[DIRECTIONS]: The data that follows is to be copied exactly, with each image removed.

[GIVEN DATA]:
★ ★ ★

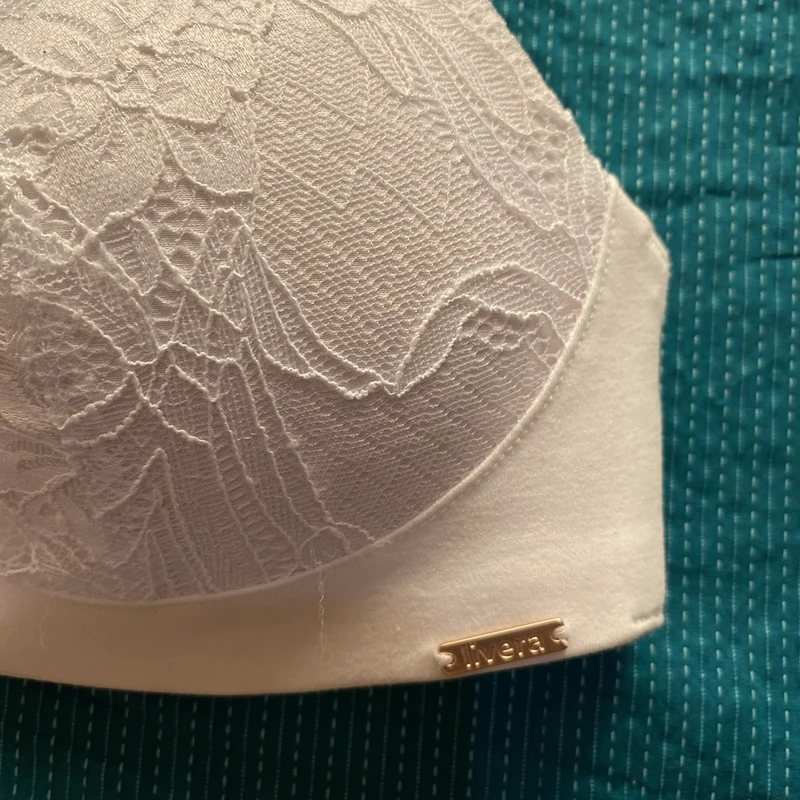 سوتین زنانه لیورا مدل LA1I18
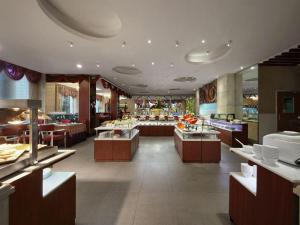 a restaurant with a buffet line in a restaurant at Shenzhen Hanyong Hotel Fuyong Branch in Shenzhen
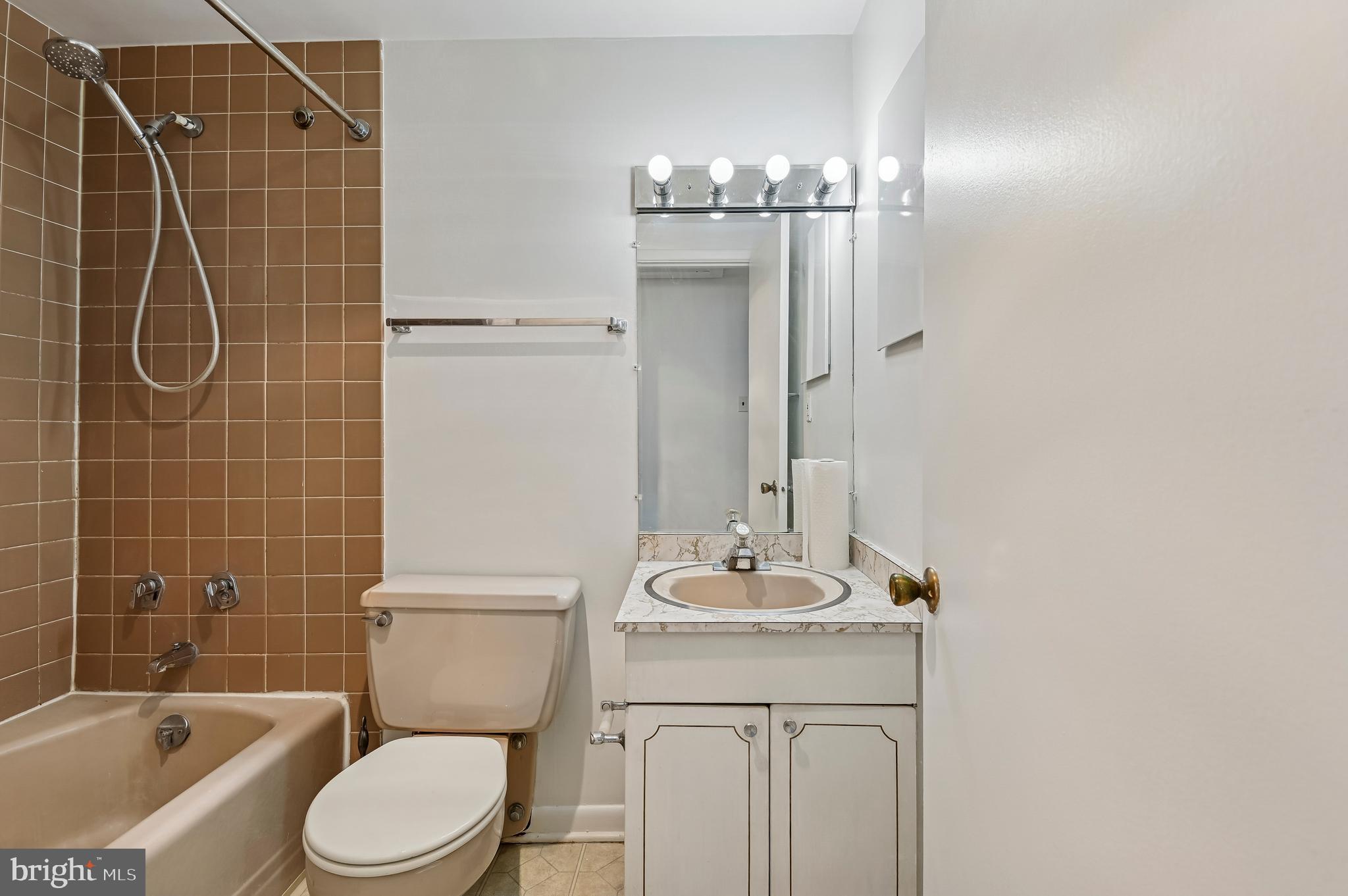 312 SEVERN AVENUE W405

★ ★ ★

[RESULT OF THIS TASK]:
 سوتین زنانه لیورا مدل LA1I18
 a restaurant with a buffet line in a restaurant at Shenzhen Hanyong Hotel Fuyong Branch in Shenzhen
 312 SEVERN AVENUE W405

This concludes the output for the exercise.